LA’s Latino LGBTQ Scene in the 1980s and ‘90s

In a new book, Reynaldo Rivera looks back at his formative years growing up in Los Angeles before gentrification turned the lights on the “City of Night.”

“The only decade I feel nostalgic for is the ‘70s,” says photographer Reynaldo Rivera from his Los Angeles home. “There’s a dreamlike thing in my psyche about the ‘70s as this magical time even though I had this horrifying experience. My father kidnapped me and my sister, took us to a village in Mexico, and left there from ‘69 to ’75. It’s like an Oliver Twist story. This lady took us in and used to sing Toña la Negra songs. Music was my babysitter at a time when I would have had mother, my aunts and uncles.”

After singing a few lyrics to Toña la Negra’s bolero “Arráncame La Vida” Rivera shares the translation by text: “Rip the life from me / With your last love kiss / Tip it, take it, tale me heart / Rip me life and in case the pain hurts you / I must be from not seeing me / Because at the end, your eyes, I took with me.”

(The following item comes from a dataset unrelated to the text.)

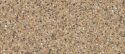 Neoclassica Ambra 120x280 lev.Gat.1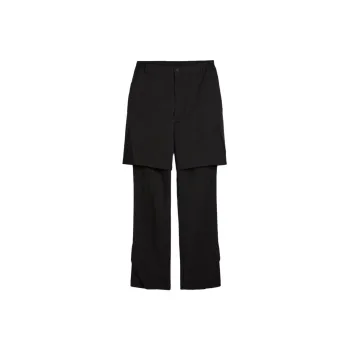 PUMA X Heliot Emil Men's Pants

Provisional Notes from a Disappeared City © Reynaldo Rivera
Provisional Notes from a Disappeared City © Reynaldo Rivera

“This is what influenced me,” Rivera says. “Music opened the door that allowed me to create an environment where I’d want to take photos. Being into all this Mexican super tragic music created this baroque me, this person that’s over the top emotional. From Toña la Negra, and later Bessie Smith and Billie Holiday, I sought answers that told me to take a beating and still love it!”

Youth

Traveling between Mexico and the United States as a young man, Rivera discovered photography as a means to creating some semblance of continuity in an otherwise chaotic life. After discovering a camera in a pile of things his father had stolen, Rivera set off to make pictures — only he didn’t have a clue how the camera worked. 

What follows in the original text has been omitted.